A Facile and Efficient Method to Fabricate Highly Selective Nanocarbon Catalysts for Oxidative Dehydrogenation
Graphical Abstract
Effective defects: The solid-phase oxidation of carbon nanotubes (CNTs) with magnesium nitrate salts is a promising method to create highly selective CNT catalysts for the oxidative dehydrogenation (ODH) of n-butane. The defects generated on the CNT surface, which are susceptible to in situ oxidation into quinone groups in the ODH reaction, promote the selectivity and yield to alkenes. Additionally, the introduction of MgO nanoparticles could facilitate the desorption of alkenes and improve the selectivity.
Abstract
Carbon nanotubes (CNTs) were used in oxidative dehydrogenation (ODH) reactions.
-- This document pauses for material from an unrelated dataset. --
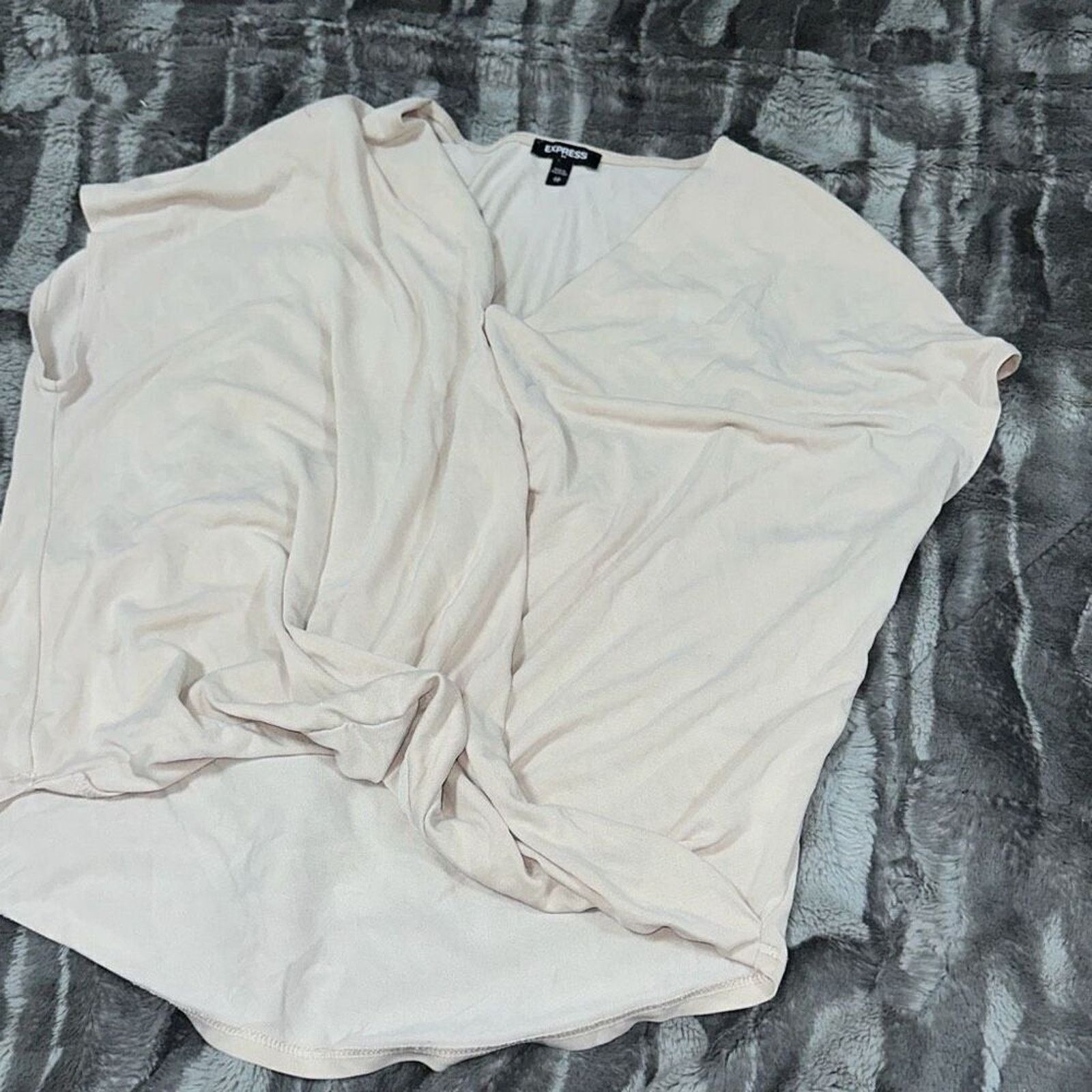 Express Express Tan Drape Front V-Neck Top | Sz XS Size XS / US 0-2 / IT 36-38 - 4 Thumbnail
Quinone groups on the CNT surface were identified as active sites for the dehydrogenation pathway. Liquid-phase oxidation with HNO3 is one way to generate various oxygen functionalities on the CNT surface but it produces a large amount of acid waste, limiting its industrial application. Here, a facile and efficient oxidative method to prepare highly selective CNT catalysts for ODH of n-butane is reported. Magnesium nitrate salts as precursors were used to produce defect-rich CNTs through solid-phase oxidation. Skeleton defects induced on the CNT surface resulted in the selective formation of quinone groups active for the selective dehydrogenation. The as-prepared catalyst exhibited a considerable selectivity (58 %) to C4 olefins, which is superior to that of CNTs oxidized with liquid HNO3. Through the introduction of MgO nanoparticles on the CNT surface, the desorption of alkenes can be accelerated dramatically, thus enhancing the selectivity. This study provides an attractive way to develop new nanocarbon catalysts.